Most of the time these days, internet is acceptable. The worst internet I’ve ever had in my life was in Bolivia, quite a few years ago by this point. I think things have improved. However, the best advice I can give is to do your research beforehand, because deciding on an amazing destination to live in is very different than an amazing destination that also has fantastic wifi.

A way to check out reviews on overall wifi speeds is Nomad List, which I recommend in the best tools for travelers.

Helpful Tip

An internet “challenge” not to be forgotten is that you might need a VPN, like I did, in some parts of Asia.
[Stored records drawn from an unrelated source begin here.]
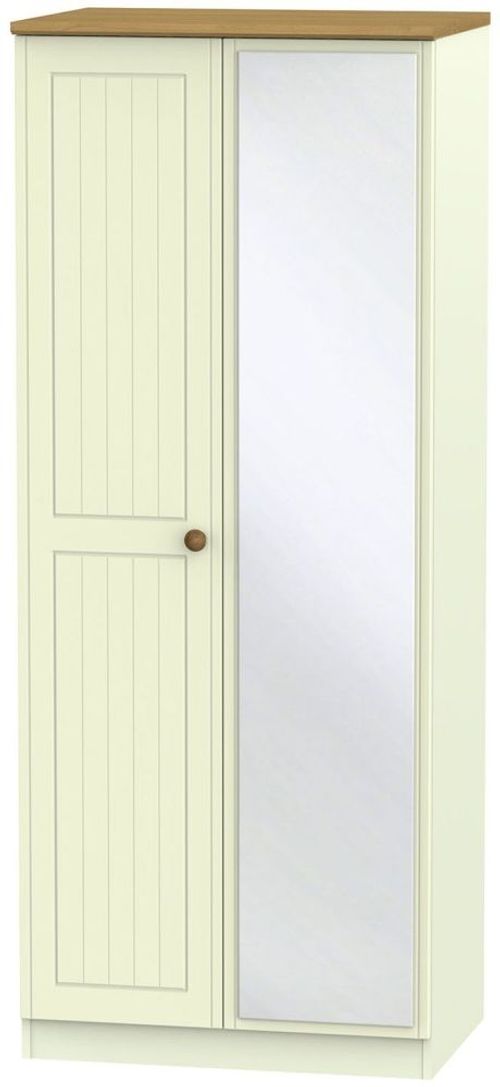 Warwick Cream and Oak 2 Door Wardrobe - 1 Mirror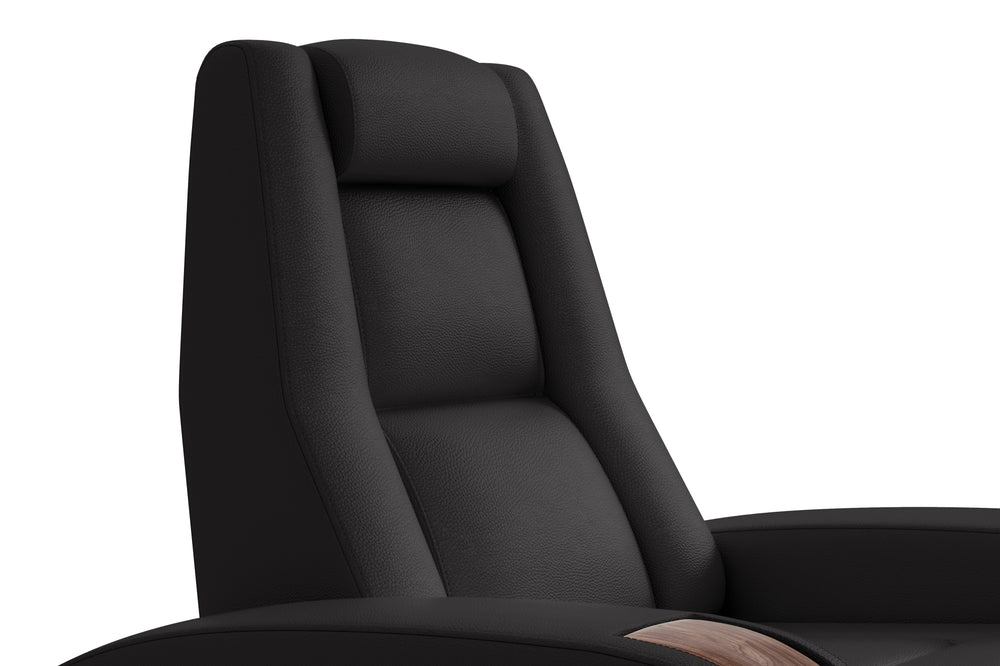 Valencia Prague Executive Leather Elite Home Theater Seating, Row of 6, Black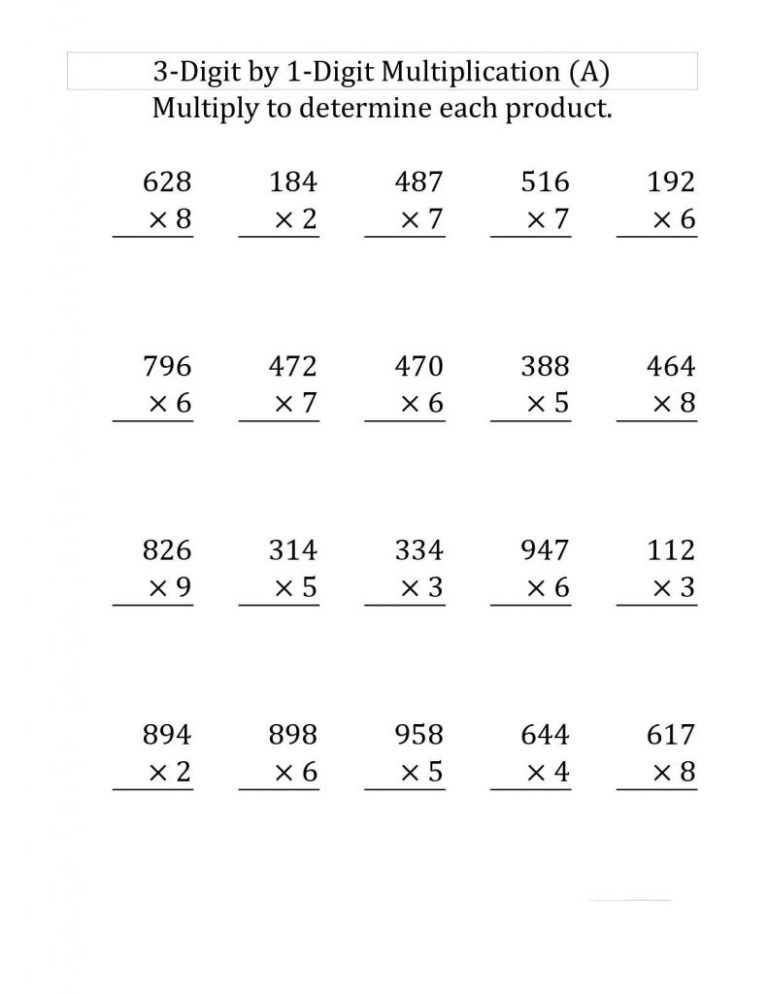 Multiplication By 4 Worksheet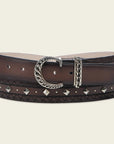 CINTO DA CINTO CUADRA CHOCOLATE LÁSER STUD BC396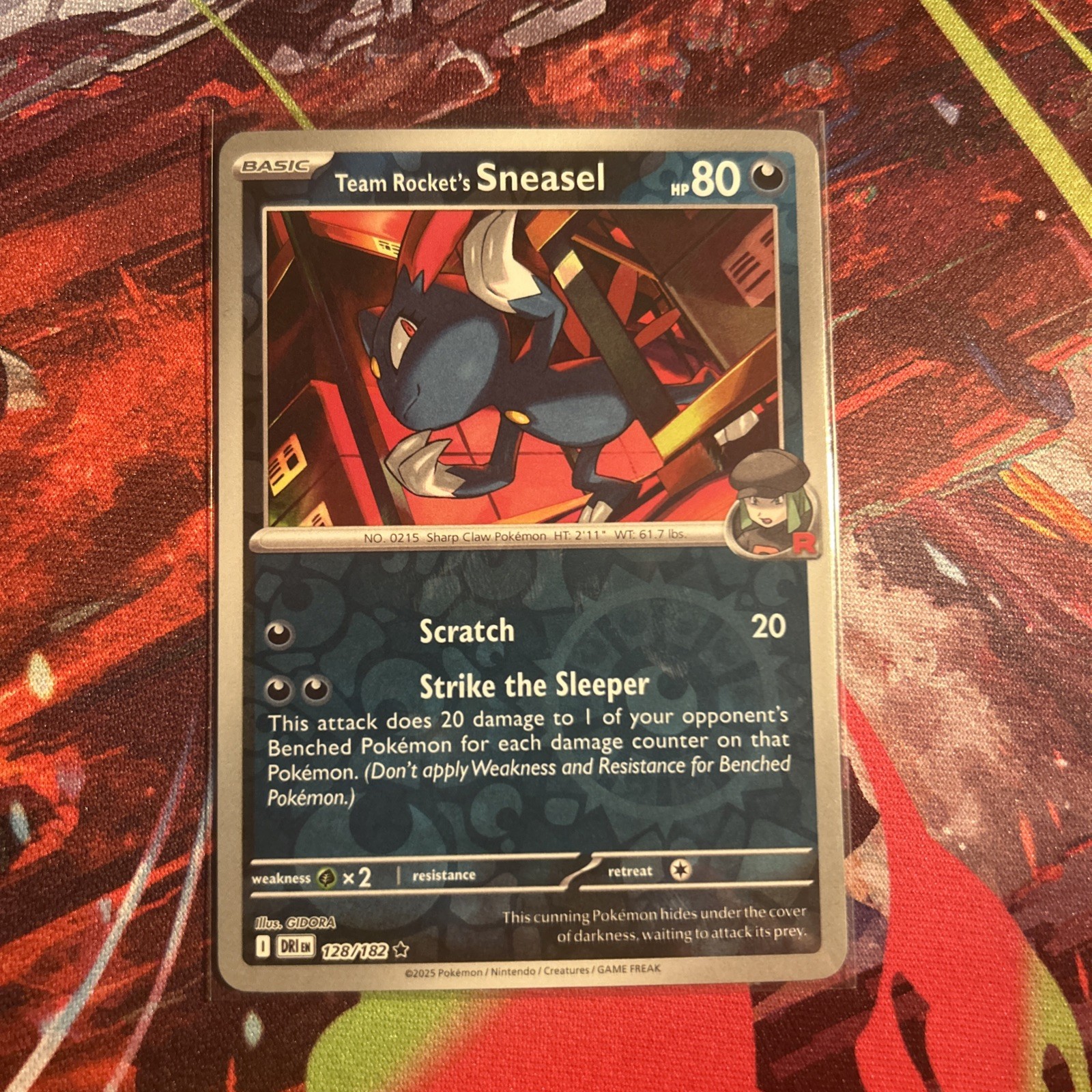 Pokemon Destined Rivals - 128/182 Team Rocket's Sneasel Reverse Holo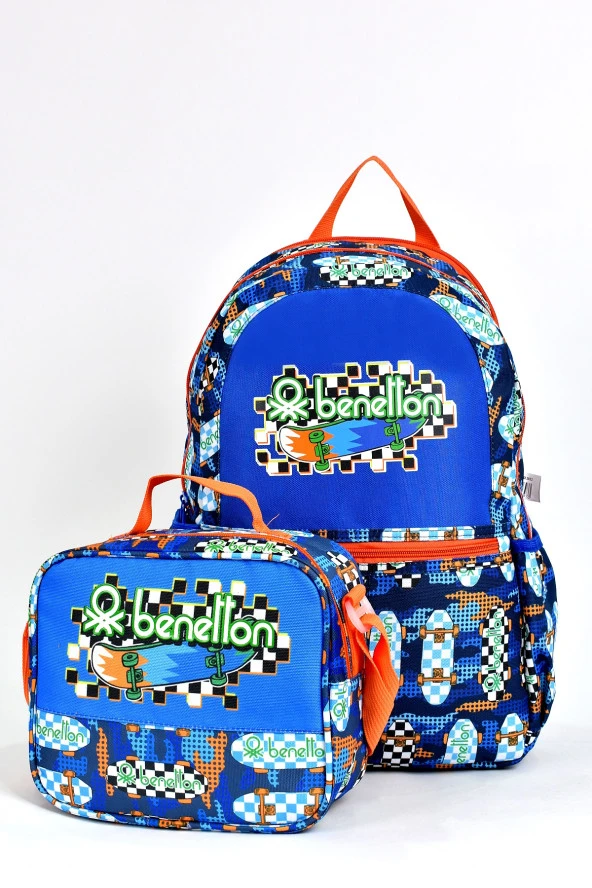 United Colors Of Benetton Erkek Çocuk 2'li Okul Seti İlkokul Çantası ve Beslenme Çantası 03693 ürün görseli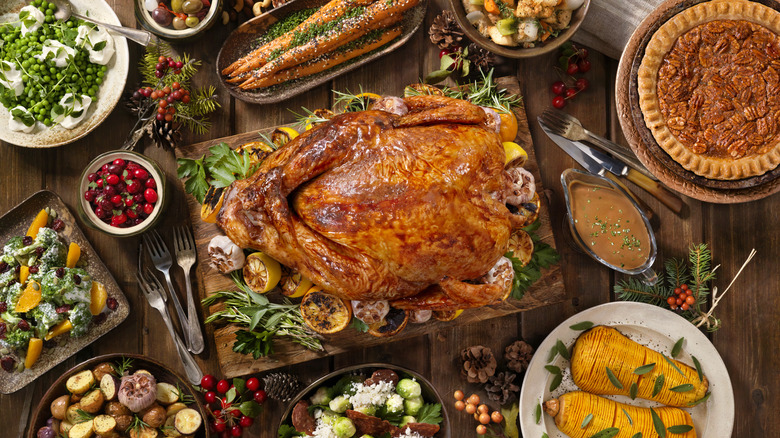 table with thanksgiving dinner on it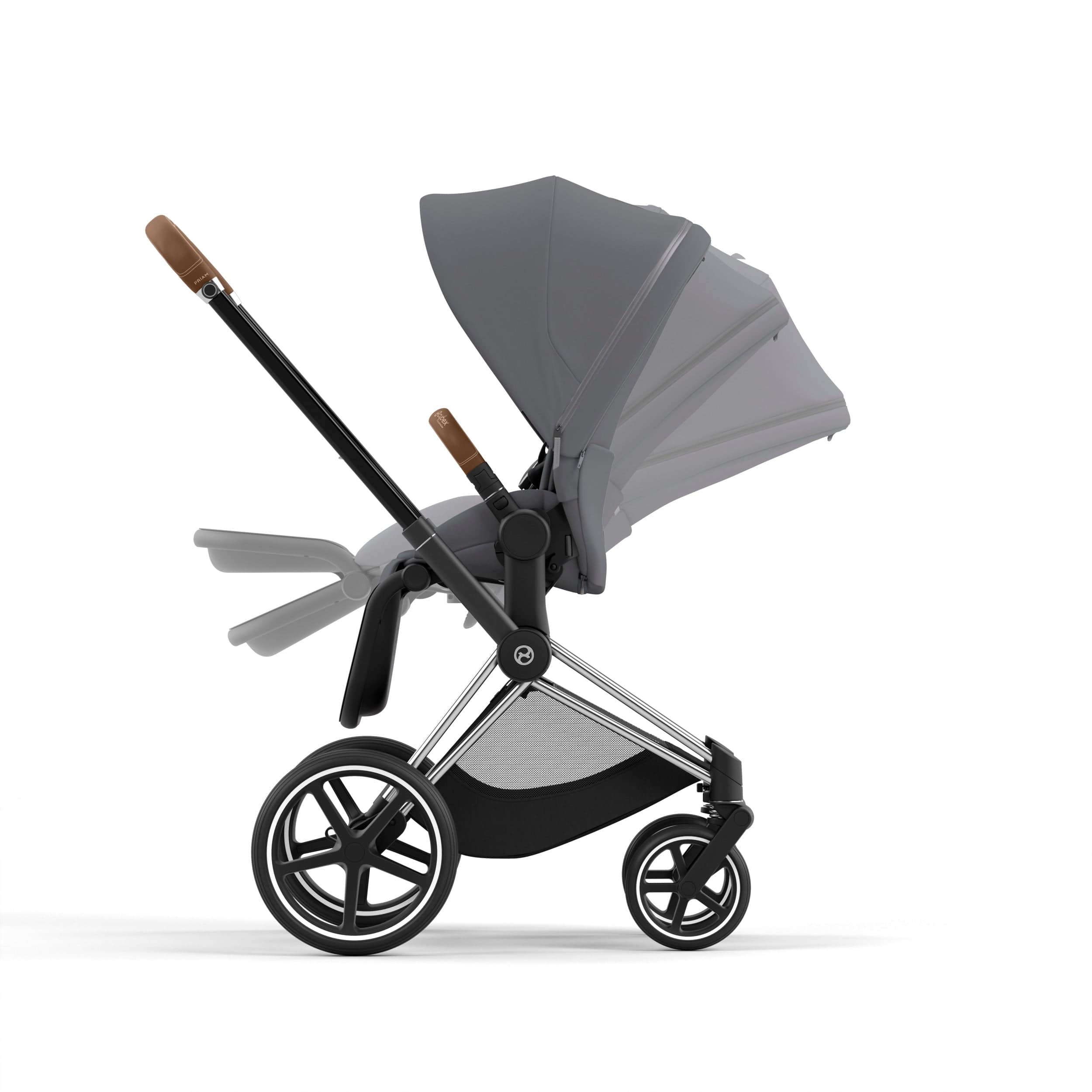 Cybex Priam 4 Complete Luxury Baby Stroller - Chrome/Brown - Premium Travel System for Newborns to Toddlers - Perfect for City Walks, Shopping & Family Outings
Check out why you need a VPN for travel.

Being away from friends and family

When I lived abroad and worked abroad in China, missing friends and family was hard. Given, working an office job in China without much wiggle room on when I could fly home was the first crux of the matter. Being a digital nomad usually means you can fly home on a whim, or at least have more control over your schedule, like paid time off.

I missed Thanksgiving for two years straight and I missed my best friend’s wedding. I missed babies being born, kids in the family growing older, and a lot of fun nights out with my friends who were all living in NYC and DC.

Of course, I had made my own friends by living abroad and was doing incredible things there. But I had slight FOMO of all the “life goes on” happenings that went on back home … without me.

Missing the in-person aspect of work

If you work for a company that has an in-person or hybrid office, maybe in NYC for example, and if you’re off being a digital nomad, people might kind of “forget about you,” for lack of better term.

When we worked remotely and traveled in Europe, South America and Asia, I was part of a 100-person company (though I was a part-time remote employee, as I explained on my podcast episode with How to Money). I had previously been working in the NYC headquarter office for six years. My colleagues knew me by face, and I had had to convince my boss to let me work remotely and travel.

Being remote, and not even in the same time zone, let alone the same country as my teammates, made me a bit foreign. No one really knew where I was, and it was hard to tell if it made me seem less dependable.


There are essentially two ways to be a digital nomad: to go out in the world alone, or to join a remote work and travel program.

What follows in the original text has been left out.